# Is my power supply faulty or just insufficient?



## edmunsta (Nov 30, 2007)

Hi all,

Situation:

My computer has been having trouble booting. When this problem occurs, it turns on and the fans spin, but there's no bios beep and no display. If I unplug everything from the PSU except the graphics card and motherboard, the system will boot. If I then turn it off and plug the hard drive molex in, the system won't boot (as above: fans but no beep). This initially seemed pretty simply to me... if it stops booting when you plug one more device in, my PSU must be lacking in wattage to power the system. However, the problem is somewhat intermittent. Through a random combination of turning off and on at the wall, plugging and unplugging the power cable from the psu and turning the computer off and on, I can get the system to boot with the hard drive powered up. The intermittent nature of the problem seems odd to me. 

So to summarise:

When the bare minimum of components are plugged into the PSU, it boots.

As soon as I add one more component (the HDD), it won't boot. 

However, random sequences of powering on and off can sometimes get it to boot WITH the HDD plugged in. Hence why I suspect that PSU might be faulty. 

Does this sound like a faulty PSU or just an insufficient PSU for my system's needs? Specs are as follows:

PSU: Antec EarthWatts 500

Mobo: Asus P5K
CPU: Core 2 Duo E6750
Ram: 2x1GB DDR2 800mhz
GFX: 8800GT (single, not sli)

One sata HDD, one sata DVD RW. 

Should an earthwatts 500 be able to power this setup with no problems? If yes, then would you conclude that I have a faulty specimen?


Thanks in advance


----------



## emosun (Oct 4, 2006)

Well all I saw at the end was 500w and 8800gt. Which shouldn't be used in the same sentence. That psu is infact to low for that system and you really should have a 650w or more in there. You pick a good quality brand but its still to low.

Now about you boot problem, it almost sounds like upgradeing your psu would fix it, but first try to plug the drive into a different ide or sata port. Also , was the pc working before this happend?


----------



## edmunsta (Nov 30, 2007)

I'll try plugging it in to another port. Actually I'll also see if it does the same thing with the DVD drive... do HDDs and DVDs consume similar power?

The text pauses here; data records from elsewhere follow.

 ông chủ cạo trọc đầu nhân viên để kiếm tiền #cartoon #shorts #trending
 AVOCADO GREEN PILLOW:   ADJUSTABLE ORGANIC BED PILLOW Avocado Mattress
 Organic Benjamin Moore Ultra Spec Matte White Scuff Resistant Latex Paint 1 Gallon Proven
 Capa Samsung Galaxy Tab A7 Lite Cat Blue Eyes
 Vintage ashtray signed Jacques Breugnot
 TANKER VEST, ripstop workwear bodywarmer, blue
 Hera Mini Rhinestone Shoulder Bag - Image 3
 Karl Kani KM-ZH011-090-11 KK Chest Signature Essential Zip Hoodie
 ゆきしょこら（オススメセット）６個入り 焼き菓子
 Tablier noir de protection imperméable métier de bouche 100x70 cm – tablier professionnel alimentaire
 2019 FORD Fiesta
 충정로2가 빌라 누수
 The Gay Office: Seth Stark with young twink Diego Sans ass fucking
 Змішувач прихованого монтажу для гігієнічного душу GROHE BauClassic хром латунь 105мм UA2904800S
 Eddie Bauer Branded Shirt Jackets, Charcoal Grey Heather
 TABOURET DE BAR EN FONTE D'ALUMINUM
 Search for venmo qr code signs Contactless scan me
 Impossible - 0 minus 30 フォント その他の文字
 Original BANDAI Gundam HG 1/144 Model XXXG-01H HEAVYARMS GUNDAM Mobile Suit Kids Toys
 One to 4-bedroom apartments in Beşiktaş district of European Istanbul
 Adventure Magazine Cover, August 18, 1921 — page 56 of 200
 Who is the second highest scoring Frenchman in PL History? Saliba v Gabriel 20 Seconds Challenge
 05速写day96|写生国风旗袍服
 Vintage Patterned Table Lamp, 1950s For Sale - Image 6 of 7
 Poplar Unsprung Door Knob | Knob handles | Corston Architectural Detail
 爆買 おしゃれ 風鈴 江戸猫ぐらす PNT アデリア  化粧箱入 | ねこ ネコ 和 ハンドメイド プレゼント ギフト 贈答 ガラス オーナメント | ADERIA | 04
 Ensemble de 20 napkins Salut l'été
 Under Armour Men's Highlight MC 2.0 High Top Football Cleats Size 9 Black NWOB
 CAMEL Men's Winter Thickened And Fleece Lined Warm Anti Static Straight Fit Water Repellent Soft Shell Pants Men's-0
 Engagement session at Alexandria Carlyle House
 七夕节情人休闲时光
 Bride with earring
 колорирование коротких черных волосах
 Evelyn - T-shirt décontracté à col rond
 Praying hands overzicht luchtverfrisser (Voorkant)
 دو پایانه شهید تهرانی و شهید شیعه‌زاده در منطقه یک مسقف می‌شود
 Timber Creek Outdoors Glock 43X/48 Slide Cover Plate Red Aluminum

It was a new pc, or at least new mobo/cpu/gfx/ram/psu. From about the second or third day onwards it started having trouble. It just kept getting worse and worse. Previously I could just power on and off a few times and on the third or fourth try it would boot properly. Now a month or so later it takes half an hour of fiddling around and, like i said, seemingly random sequences of on and off at the wall/psu/power button to get it running.


----------



## emosun (Oct 4, 2006)

Well hdd's and dvd drives do consume power but nowhere near as much as the video card and cpu do. Its starting to sound like a new psu is the answer


----------



## Tumbleweed36 (May 14, 2005)

I too think you need to invest in a decent Antec Trio 650 or something similar. That video card just pulls too much for this little engine (power supply) to pull it. There are no guarantees that is what it is, but all signs point in that direction.


----------



## edmunsta (Nov 30, 2007)

Now that I think about it, it could be the graphics card that is drawing too much. The Earthwatts 500 has two 12V rails with 17 amps on each. Apparently the 8800GT cards need 22 amps on the 12V rail. This is getting way out of my level of understanding.


----------



## emosun (Oct 4, 2006)

Any system with an 8800 should have a 650w or more psu. the antec trio 650 that tumbleweed suggested would be a good choice.


----------



## cliffnseattle (Mar 3, 2005)

I'm curious if a bigger power supply will fix the problem. I doubt it, since I've been investigating this same problem, and there seems to be hundreds of similar problem reports on the Web for the P5K. On the Asus web site forum, there's been close to 10 reports just since the beginning of this year. And many of them have large power supplies (e.g. 650 or 700 watts), or tried putting in bigger power supplies to no avail.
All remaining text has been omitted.